Orders to factories rose 1.3 percent in December, the Commerce Department reported Friday. A key category that tracks business investment was up 0.7 percent, a hopeful sign that 2017 may be a better year for manufacturers as investment in the energy sector rebounds.
For all of 2016, factory orders fell 1.4 percent following a 6.3 percent drop in 2015. It marked the first consecutive annual declines in 14 years, since orders fell 7 percent in 2001 and 1.2 percent in 2002.
Orders had fallen by a record amount of 22.9 percent in 2009 during the depths of the Great Recession, but the decline was confined to a single year. Orders managed a small 1 percent gain in 2008 as the country was sliding into recession and a solid rebound of 16.4 percent in 2010.
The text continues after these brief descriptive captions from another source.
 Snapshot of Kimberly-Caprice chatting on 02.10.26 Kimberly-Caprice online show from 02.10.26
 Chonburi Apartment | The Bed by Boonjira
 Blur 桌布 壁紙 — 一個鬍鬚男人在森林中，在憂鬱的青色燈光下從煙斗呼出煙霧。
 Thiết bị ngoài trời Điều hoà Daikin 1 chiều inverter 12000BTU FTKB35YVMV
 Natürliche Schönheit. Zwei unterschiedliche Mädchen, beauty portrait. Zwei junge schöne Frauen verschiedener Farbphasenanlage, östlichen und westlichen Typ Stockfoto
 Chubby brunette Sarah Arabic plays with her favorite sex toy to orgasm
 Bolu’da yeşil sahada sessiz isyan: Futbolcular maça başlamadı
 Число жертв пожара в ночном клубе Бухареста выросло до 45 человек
Economists are hoping that 2017 will be a rebound year for U.S. factories as well. While the dollar has risen further, the impact is being lessened somewhat by stronger economic growth in overseas markets. The huge slide in energy prices had come to a halt and prices are rising again. Economists are hopeful that this rebound will bring an end to the big cutbacks in equipment spending by U.S. oil companies.
In December, the 0.7 percent increase in the business investment category followed gains of 1.7 percent in November and 0.5 percent in October. For the year, orders in this category were down 3.3 percent. This decline was led by a 47.6 percent plunge in mining and oil field equipment.
Orders for durable goods, items such as cars and airplanes expected to last at least three years, fell 0.5 percent while demand for nondurable goods such as paper and chemicals rose by 3.1 percent.
The weakness in durable goods reflected a 64 percent plunge in demand for defense aircraft, which offset a 42.1 percent rise in orders for commercial aircraft, both volatile categories.